Exercise directions: Although the records include pictures, the copy should not; write out exactly the lines from the first through the line with "Plakat filmowy przedstawia".

──────── Material for this exercise

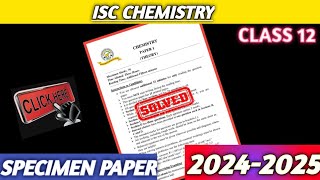 ISC 12 2025 Chemistry Specimen Paper Answer Key [upl. by Airotnahs]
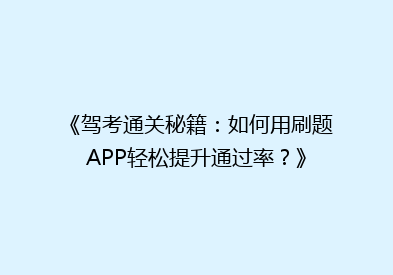 《驾考通关秘籍：如何用刷题APP轻松提升通过率？》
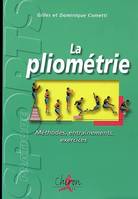 La pliométrie - méthodes, entraînements et exercices, méthodes, entraînements et exercices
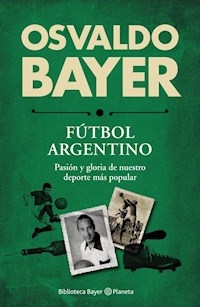 FUTBOL ARGENTINO PASION Y GLORIA DE NUESTRO DEPORT - BAYER OSVALDO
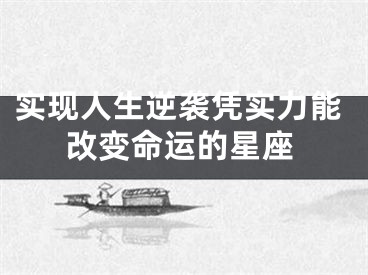 实现人生逆袭凭实力能改变命运的星座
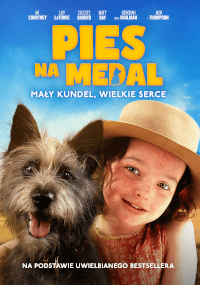 Plakat filmowy przedstawia uśmiechniętą dziewczynę w słomkowym kapeluszu obok szczęśliwego, niechlujnego psa. Tytuł w języku polskim, Pies na Medal, pojawia się nad nimi pogrubionymi żółtymi literami, na tle niebieskiego nieba.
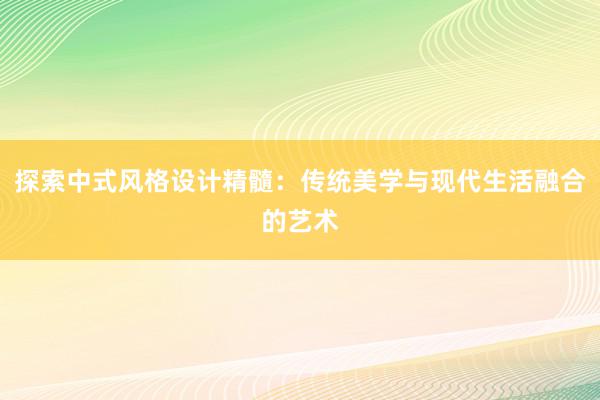 探索中式风格设计精髓：传统美学与现代生活融合的艺术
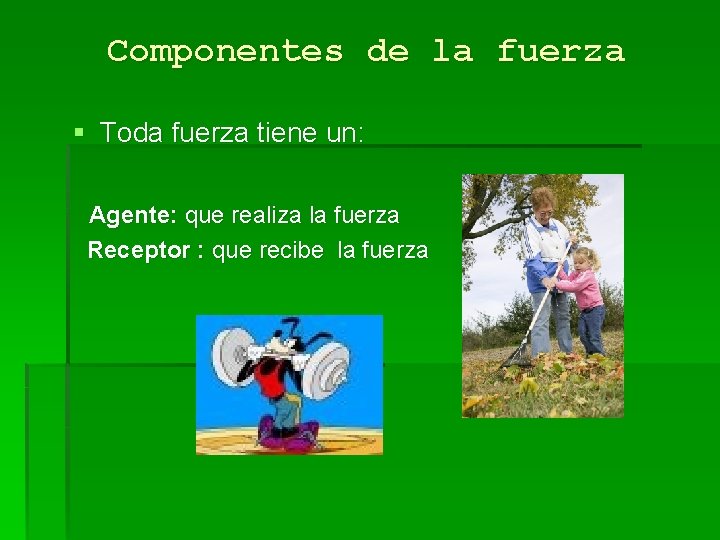 Componentes de la fuerza § Toda fuerza tiene un: Agente: que realiza la fuerza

────────────────

Response to this task:
 ISC 12 2025 Chemistry Specimen Paper Answer Key [upl. by Airotnahs]
 《驾考通关秘籍：如何用刷题APP轻松提升通过率？》
 La pliométrie - méthodes, entraînements et exercices, méthodes, entraînements et exercices
 FUTBOL ARGENTINO PASION Y GLORIA DE NUESTRO DEPORT - BAYER OSVALDO
 实现人生逆袭凭实力能改变命运的星座
 Plakat filmowy przedstawia uśmiechniętą dziewczynę w słomkowym kapeluszu obok szczęśliwego, niechlujnego psa. Tytuł w języku polskim, Pies na Medal, pojawia się nad nimi pogrubionymi żółtymi literami, na tle niebieskiego nieba.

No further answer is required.